ブエノス・アイレスから帰ってきたら,タイミングよくこの古書があとから追いかけてきた.Willi Hennig が第二次世界大戦敗戦直後のドイツで1950年に出版した系統体系学の古典:Willi Hennig『Grundzüge einer Theorie der phylogenetischen Systematik』(1950年刊行,Deutscher Zentralverlag, Berlin, vi+370pp.)は,著者自身によって改訂が進められ,1960年には改訂原稿が完成していた.このドイツ語改訂稿の英訳本が当時の英語圏の分岐学派の拠り所となった:Willi Hennig[D. Dwight Davis and Rainer Zangerl 訳]『Phylogenetic Systematics』(1966年刊行,University of Illinois Press, Urbana, viii+263 pp.)だ.しかし,この英訳には Hennig はまったく関われないまま出版されてしまったので,必ずしも “いい訳” とはいえないという指摘もある.
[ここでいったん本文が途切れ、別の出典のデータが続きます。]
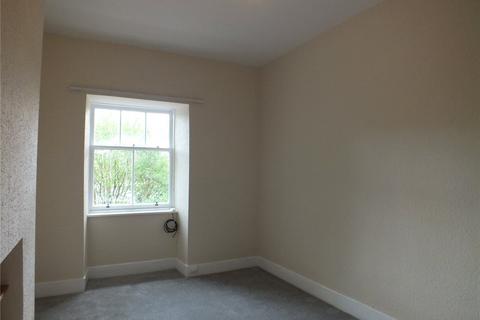 2 bedroom bungalow to rent, North Lodge, Cumstoun, Twynholm, Kirkcudbright, Dumfries and Galloway, DG6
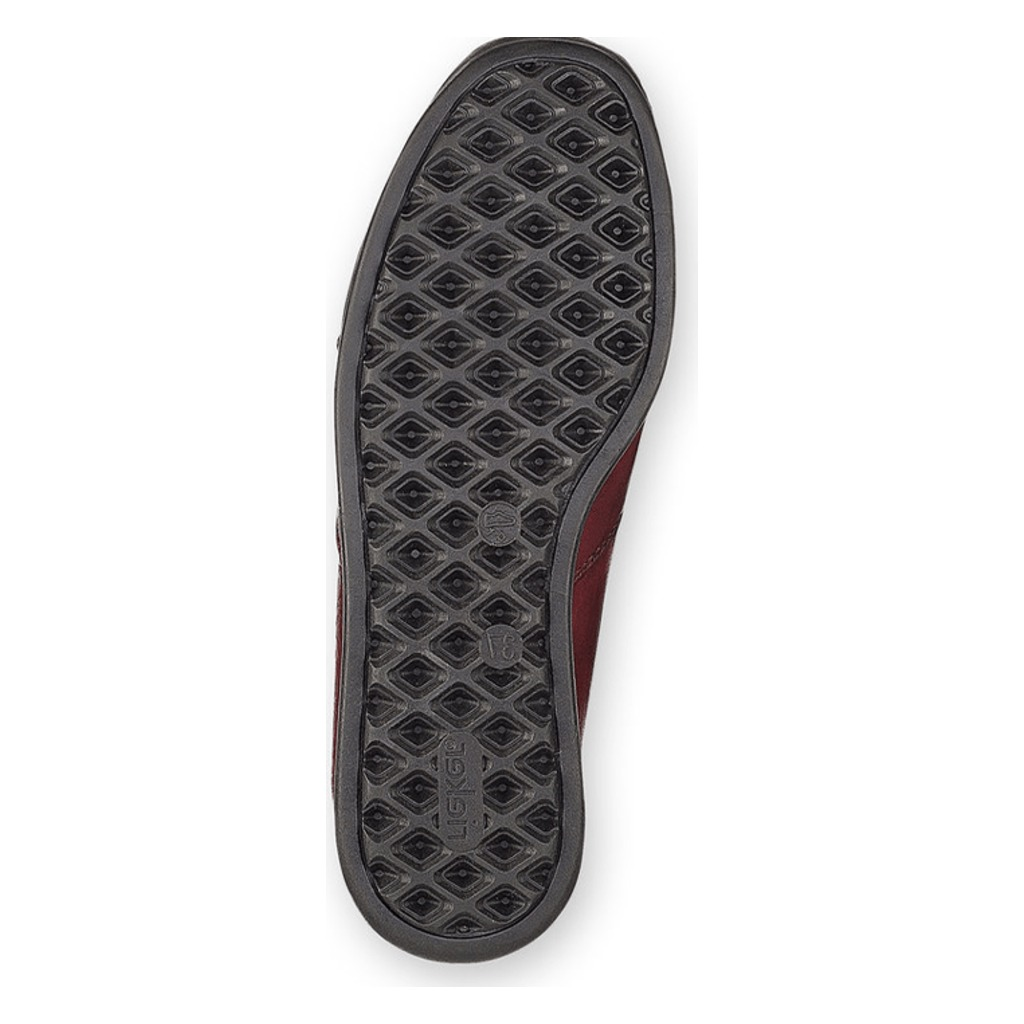 Rieker 44281 - Shoetopia Footwear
一方,その同じドイツ語改訂稿は,英訳とは別に,スペイン語にも翻訳されていたことはほとんど知られていない.1961年にブエノス・アイレスに届いたドイツ語改訂稿を踏まえ,アルゼンチンの進化学者 Osvaldo Reig(1929-92)の監修のもとに,Horstpeter H. G. J. Ulbrich が行なったスペイン語訳が『Elementos de una sistemática filogenética』だ.このスペイン語の翻訳作業にあたっては Hennig は関われたようで,Hennig による短い著者序文が付けられている.

翻訳を通じてある学説・学派の影響が言語圏をまたいで広がっていった好例が Hennig の英訳本だった.では,このスペイン語訳本がはたしてどれほどの学問的影響を及ぼしたのか.Hennig の伝記的記述をいくつか見た範囲ではスペイン語訳の存在に言及すらされていないのでほとんど情報がない.今でも中南米スペイン語圏の分岐学の教科書にはこのスペイン語訳が引用文献として載っていることもあるが,どれくらいのサーキュレーションがあったのかはよくわからない.CiNii Books で検索したかぎりでは,このスペイン語訳本は日本のどこの公的機関にも所蔵されていないようなので,日本では実際に手に取った人はほとんどいないだろう.つくばに届いた古書も造本がやや崩壊気味のペーパーバックだが,こういう “物件” は「ここにあることに意義がある」のだとワタクシは思う.

元のドイツ語改訂稿それ自体は,Hennig の死後,子息である分子生物学者 Wolfgang Hennig の編集のもとに出版された:Willi Hennig[Wolfgang Hennig 編]『Phylogenetische Systematik』(1982年刊行,Verlag Paul Parey[Pareys Studientexte: Nr. 34], Berlin und Hamburg, 246 pp., ISBN:3-489-60934-4).なお,英訳本『Phylogenetic Systematics』からの日本語への “重訳” は,九州大学教養部(当時)にいた三枝豊平さんが1981年春に完成させていた(その和訳原稿一式のコピーはワタクシの手元にある).しかし,残念なことに彼の日本語訳稿が出版されることはなかった.